Después de 1917, Rusia encontró su fórmula mágica: dejar todo el poder en manos de los comisarios políticos y del partido único, nacionalizar sin ton ni son. En 1932, Estados Unidos prefirió el llamado New Deal: más Estado y encargos públicos para reactivar la economía. En 1933, Alemania aplicó una lógica similar, con el objetivo añadido de la guerra: invadir a los enemigos y redistribuir las riquezas a los suyos, con el armamento que hace que la economía funcione y las conquistas que rentabilizan los costes.

Un Reich, una nación, un jefe supremo... Después de 1945, tampoco fue difícil encontrar nuevos mantras. En el Este, las frases que se escuchaban eran: nacionalización, una industria pesada, una planificación económica centralizada, el individuo no es nada, el partido lo es todo. En el Oeste, se repetía: aproveche las ayudas, cree comunidades con sus antiguos enemigos, instaure una economía social de mercado, cuide del pluralismo y del mercado libre, pero no deje de controlarlo, no dude en imponer tributos para financiar las prestaciones sociales que garantizarán el equilibrio social.

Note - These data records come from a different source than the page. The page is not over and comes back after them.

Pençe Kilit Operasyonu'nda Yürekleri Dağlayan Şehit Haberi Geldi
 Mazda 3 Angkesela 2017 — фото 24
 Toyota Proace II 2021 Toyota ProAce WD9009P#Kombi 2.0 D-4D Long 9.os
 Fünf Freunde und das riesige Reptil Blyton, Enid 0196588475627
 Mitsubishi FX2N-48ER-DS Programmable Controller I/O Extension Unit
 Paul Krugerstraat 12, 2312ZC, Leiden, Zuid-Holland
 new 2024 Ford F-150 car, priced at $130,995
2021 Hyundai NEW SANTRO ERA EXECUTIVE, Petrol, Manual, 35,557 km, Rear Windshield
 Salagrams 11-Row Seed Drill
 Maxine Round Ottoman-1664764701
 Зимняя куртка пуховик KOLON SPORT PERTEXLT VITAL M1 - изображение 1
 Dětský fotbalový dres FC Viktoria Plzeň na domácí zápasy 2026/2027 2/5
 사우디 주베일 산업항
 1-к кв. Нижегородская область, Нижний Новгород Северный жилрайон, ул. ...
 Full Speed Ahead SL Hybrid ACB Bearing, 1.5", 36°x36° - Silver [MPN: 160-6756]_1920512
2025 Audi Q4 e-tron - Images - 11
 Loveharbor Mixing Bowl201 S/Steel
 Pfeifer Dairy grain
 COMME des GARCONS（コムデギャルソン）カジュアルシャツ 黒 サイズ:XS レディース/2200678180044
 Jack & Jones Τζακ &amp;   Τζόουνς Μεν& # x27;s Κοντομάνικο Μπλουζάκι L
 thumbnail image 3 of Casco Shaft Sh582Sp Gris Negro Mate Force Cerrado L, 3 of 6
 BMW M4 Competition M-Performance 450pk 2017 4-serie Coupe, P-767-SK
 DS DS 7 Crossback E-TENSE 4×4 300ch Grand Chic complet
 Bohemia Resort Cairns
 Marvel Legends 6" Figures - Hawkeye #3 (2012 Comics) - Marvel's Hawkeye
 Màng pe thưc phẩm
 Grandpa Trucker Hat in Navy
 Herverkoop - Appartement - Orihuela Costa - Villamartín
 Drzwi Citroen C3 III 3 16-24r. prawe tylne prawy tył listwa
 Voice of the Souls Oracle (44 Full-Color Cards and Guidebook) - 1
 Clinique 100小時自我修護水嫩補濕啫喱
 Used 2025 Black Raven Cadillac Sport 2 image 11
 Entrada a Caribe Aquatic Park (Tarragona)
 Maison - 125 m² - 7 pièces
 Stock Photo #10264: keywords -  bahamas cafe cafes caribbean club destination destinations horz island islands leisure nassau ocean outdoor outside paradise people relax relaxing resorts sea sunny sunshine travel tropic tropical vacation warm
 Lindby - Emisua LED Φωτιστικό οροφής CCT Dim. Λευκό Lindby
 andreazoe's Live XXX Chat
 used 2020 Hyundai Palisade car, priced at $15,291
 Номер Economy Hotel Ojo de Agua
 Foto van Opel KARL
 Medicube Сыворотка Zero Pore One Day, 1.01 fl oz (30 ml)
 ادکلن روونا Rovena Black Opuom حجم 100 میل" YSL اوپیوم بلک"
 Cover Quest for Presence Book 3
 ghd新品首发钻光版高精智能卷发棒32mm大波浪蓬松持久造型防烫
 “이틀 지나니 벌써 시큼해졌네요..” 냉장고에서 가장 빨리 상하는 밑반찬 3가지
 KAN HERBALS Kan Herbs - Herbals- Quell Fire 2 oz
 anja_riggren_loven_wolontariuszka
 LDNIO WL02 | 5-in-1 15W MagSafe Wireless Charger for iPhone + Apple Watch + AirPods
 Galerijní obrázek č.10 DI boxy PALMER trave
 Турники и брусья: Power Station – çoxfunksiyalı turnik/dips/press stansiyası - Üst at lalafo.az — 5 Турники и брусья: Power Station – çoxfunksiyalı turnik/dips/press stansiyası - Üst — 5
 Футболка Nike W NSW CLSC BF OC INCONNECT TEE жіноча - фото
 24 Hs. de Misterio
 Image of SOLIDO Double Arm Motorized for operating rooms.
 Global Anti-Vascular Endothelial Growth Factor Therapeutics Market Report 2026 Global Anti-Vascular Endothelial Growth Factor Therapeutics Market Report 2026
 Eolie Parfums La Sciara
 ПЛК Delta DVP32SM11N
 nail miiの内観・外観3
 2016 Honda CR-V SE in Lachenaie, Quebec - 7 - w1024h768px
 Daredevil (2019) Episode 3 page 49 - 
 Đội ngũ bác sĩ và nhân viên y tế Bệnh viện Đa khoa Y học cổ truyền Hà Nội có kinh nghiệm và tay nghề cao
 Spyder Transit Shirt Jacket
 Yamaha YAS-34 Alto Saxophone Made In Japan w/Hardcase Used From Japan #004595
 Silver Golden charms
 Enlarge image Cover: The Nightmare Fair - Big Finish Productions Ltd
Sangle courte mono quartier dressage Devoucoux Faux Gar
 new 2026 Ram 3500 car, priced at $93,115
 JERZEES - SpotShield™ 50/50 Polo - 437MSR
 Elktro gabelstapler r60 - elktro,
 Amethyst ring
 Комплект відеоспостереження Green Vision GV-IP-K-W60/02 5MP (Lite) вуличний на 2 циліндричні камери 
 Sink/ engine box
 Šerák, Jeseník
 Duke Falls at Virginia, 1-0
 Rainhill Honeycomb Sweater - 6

Este modelo de pensamiento demostró ser eficaz en Europa, garantizó la prosperidad y las libertades individuales de las que se beneficiaron todas las ideologías surgidas de la tradición del siglo XIX: el liberalismo, el conservadurismo, el socialismo. En la década de los 70, el Estado del bienestar, en su forma social-demócrata o demócrata-cristiana, era el modelo absoluto para los habitantes de los países del "socialismo real".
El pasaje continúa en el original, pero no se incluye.